Top of PROVIDED ENTRIES
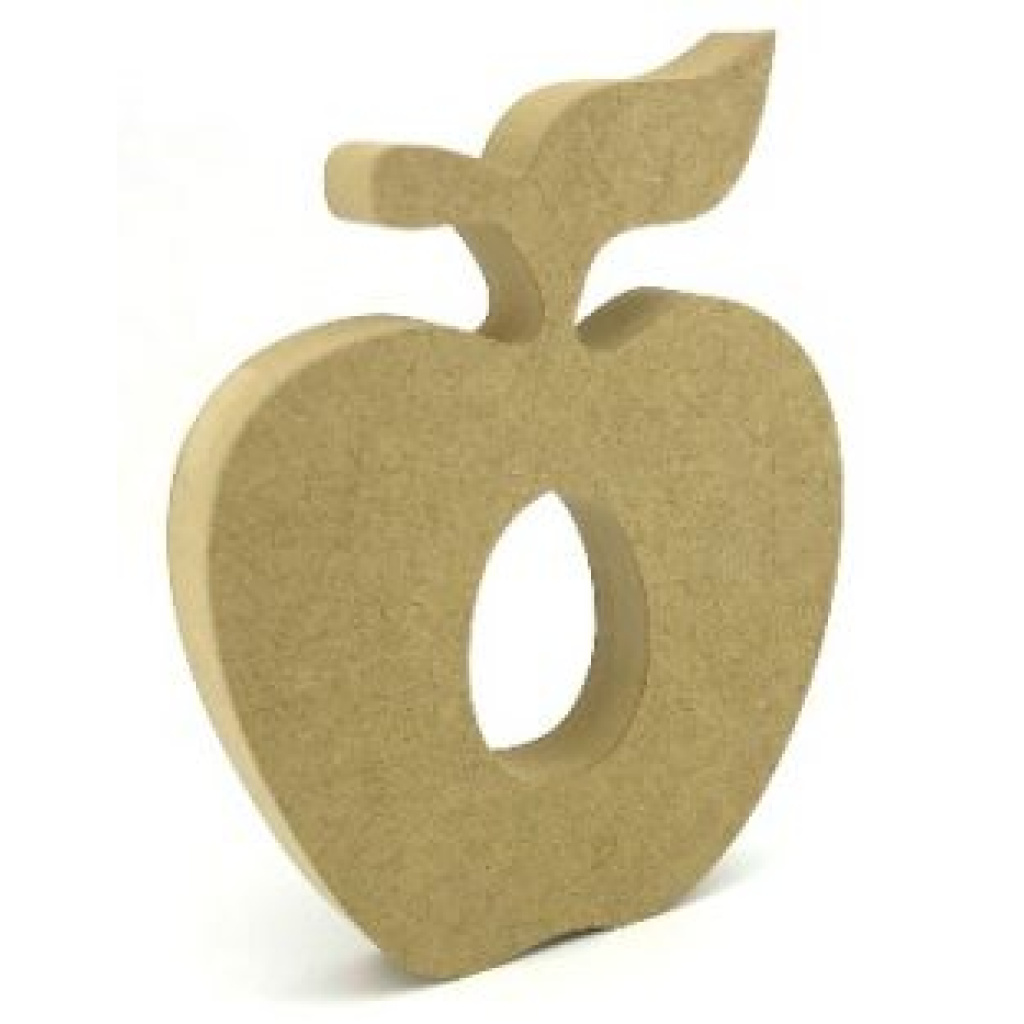 Apple 15cm freestanding 18mm mdf Creme Egg Holder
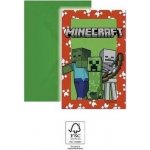 Minecraft pozvánky, Procos – Zboží Dáma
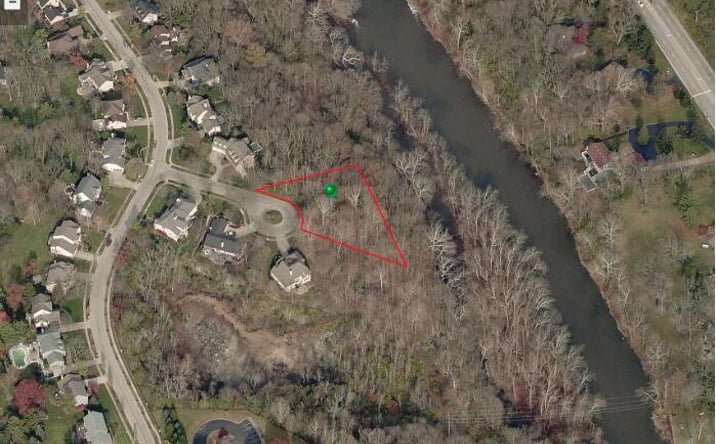 Pictures of Land property located at 4650 Chatham Court, Dublin, OH 43017 for sales - image #1
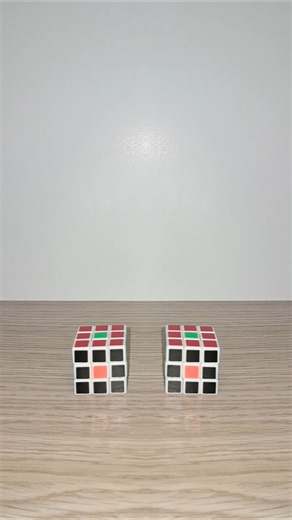 mini 3x3 rubic cube with mirror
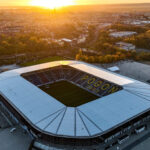 Na zdjęciu znajduje się Stadion Miejski imienia Floriana Krygiera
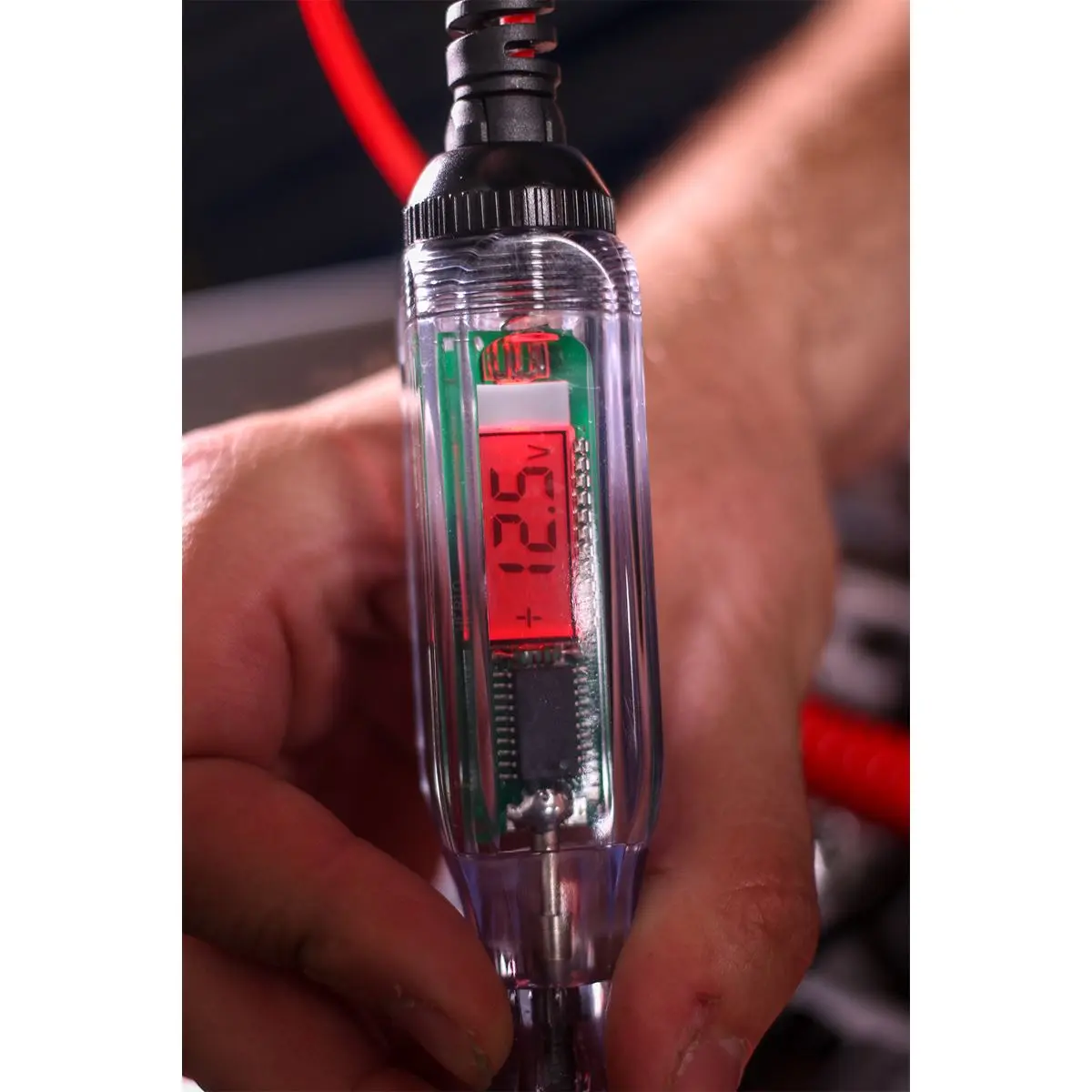 Sealey Integrated Test Light/Voltmeter 3-48V - Image 3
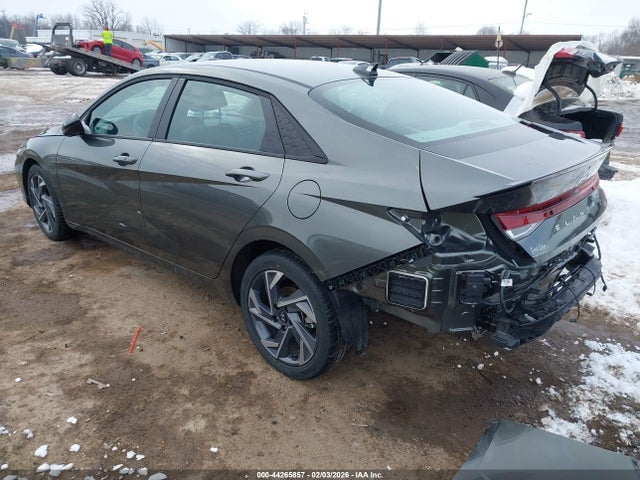 2025 Hyundai Elantra Sel Sport მანქანა იყიდება აუქციონზე, vin: KMHLM4DG9SU064609, აუქციონის ნომერი: 44265857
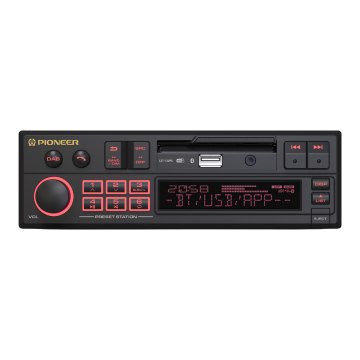 Pioneer SXT-C10PS DAB+/Bluetooth/USB/AUX RETRO autóhifi fejegység
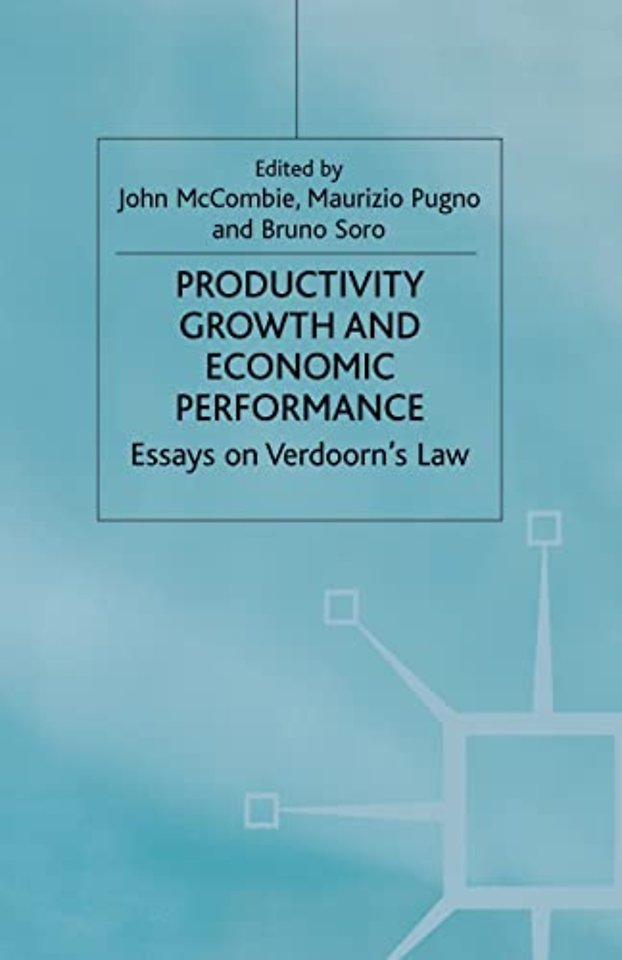 Productivity Growth and Economic Performance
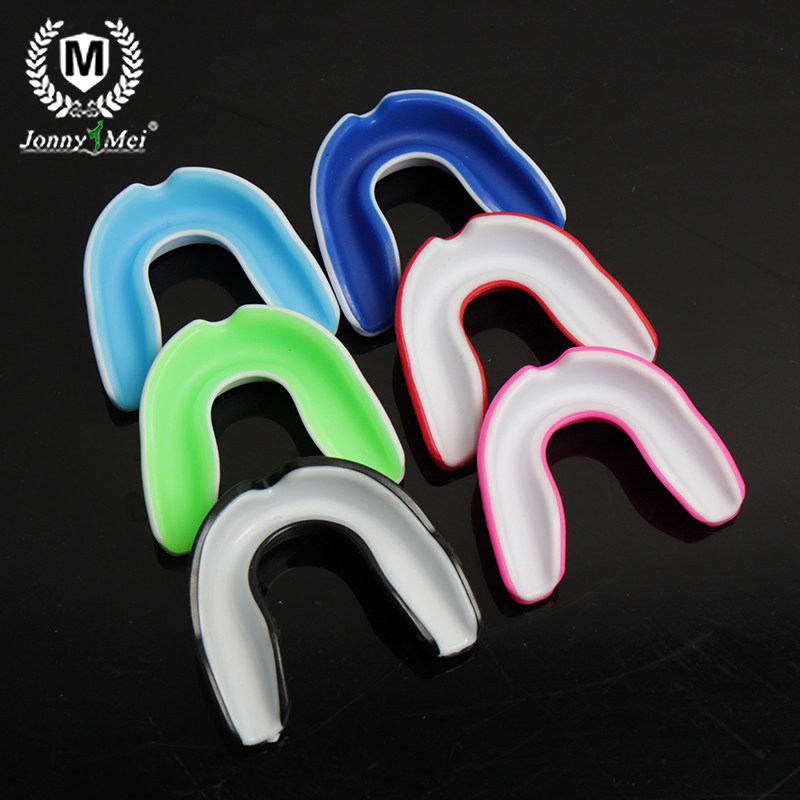 JonnyMei Boxing mouth guard Muay Thai fighting sanda protective gear Sports mouth guard braces EVA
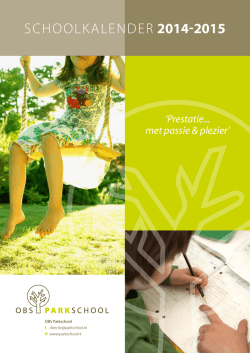 Download de jaarkalender 2014-2015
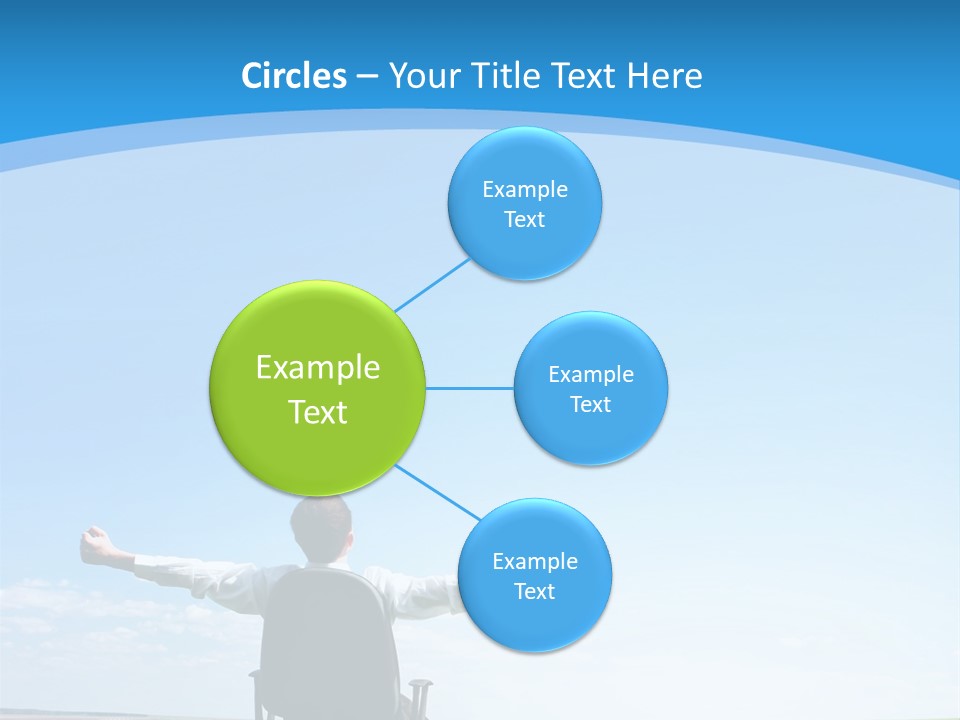 Landscape Contemplation Rural PowerPoint Template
Bottom of PROVIDED ENTRIES
EXERCISE INSTRUCTIONS:
Every entry, word for word, should be given again; the pictures are not part of the copy.

TASK ANSWER:
 Apple 15cm freestanding 18mm mdf Creme Egg Holder
 Minecraft pozvánky, Procos – Zboží Dáma
 Pictures of Land property located at 4650 Chatham Court, Dublin, OH 43017 for sales - image #1
 mini 3x3 rubic cube with mirror
 Na zdjęciu znajduje się Stadion Miejski imienia Floriana Krygiera
 Sealey Integrated Test Light/Voltmeter 3-48V - Image 3
 2025 Hyundai Elantra Sel Sport მანქანა იყიდება აუქციონზე, vin: KMHLM4DG9SU064609, აუქციონის ნომერი: 44265857
 Pioneer SXT-C10PS DAB+/Bluetooth/USB/AUX RETRO autóhifi fejegység
 Productivity Growth and Economic Performance
 JonnyMei Boxing mouth guard Muay Thai fighting sanda protective gear Sports mouth guard braces EVA
 Download de jaarkalender 2014-2015
 Landscape Contemplation Rural PowerPoint Template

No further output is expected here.